▶ _Exercise details_:
Give the data again exactly, stopping after the "WishboneAsh231013-FH (21) (2)" line.

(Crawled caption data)
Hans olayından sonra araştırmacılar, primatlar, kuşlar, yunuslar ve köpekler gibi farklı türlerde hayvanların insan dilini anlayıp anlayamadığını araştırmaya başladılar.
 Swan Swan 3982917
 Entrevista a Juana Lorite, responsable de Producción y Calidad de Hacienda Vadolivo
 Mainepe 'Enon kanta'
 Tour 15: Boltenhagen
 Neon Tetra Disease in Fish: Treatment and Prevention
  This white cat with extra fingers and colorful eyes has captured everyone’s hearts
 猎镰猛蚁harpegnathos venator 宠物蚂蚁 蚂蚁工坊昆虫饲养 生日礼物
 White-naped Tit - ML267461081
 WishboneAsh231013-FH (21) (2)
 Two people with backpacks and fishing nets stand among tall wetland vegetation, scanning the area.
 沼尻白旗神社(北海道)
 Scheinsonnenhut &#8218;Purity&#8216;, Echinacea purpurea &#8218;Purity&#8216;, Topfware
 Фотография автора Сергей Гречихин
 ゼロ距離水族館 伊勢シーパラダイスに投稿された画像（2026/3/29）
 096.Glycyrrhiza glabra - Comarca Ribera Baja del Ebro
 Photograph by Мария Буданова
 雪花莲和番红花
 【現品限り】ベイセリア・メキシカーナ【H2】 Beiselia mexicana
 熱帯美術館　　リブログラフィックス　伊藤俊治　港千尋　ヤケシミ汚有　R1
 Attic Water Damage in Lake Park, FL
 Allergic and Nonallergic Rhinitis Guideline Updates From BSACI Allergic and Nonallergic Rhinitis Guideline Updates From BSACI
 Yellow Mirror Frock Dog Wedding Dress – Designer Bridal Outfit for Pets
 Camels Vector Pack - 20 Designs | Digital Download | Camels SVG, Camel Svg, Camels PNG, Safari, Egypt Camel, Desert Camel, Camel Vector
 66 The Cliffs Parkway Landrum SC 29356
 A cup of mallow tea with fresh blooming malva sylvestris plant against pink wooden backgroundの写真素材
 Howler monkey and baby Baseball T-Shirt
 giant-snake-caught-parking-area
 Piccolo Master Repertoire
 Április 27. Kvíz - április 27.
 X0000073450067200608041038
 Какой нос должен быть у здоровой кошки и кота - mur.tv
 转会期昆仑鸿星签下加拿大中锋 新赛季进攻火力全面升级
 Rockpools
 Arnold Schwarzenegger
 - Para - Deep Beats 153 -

▶ _Answer box_:
Hans olayından sonra araştırmacılar, primatlar, kuşlar, yunuslar ve köpekler gibi farklı türlerde hayvanların insan dilini anlayıp anlayamadığını araştırmaya başladılar.
 Swan Swan 3982917
 Entrevista a Juana Lorite, responsable de Producción y Calidad de Hacienda Vadolivo
 Mainepe 'Enon kanta'
 Tour 15: Boltenhagen
 Neon Tetra Disease in Fish: Treatment and Prevention
  This white cat with extra fingers and colorful eyes has captured everyone’s hearts
 猎镰猛蚁harpegnathos venator 宠物蚂蚁 蚂蚁工坊昆虫饲养 生日礼物
 White-naped Tit - ML267461081
 WishboneAsh231013-FH (21) (2)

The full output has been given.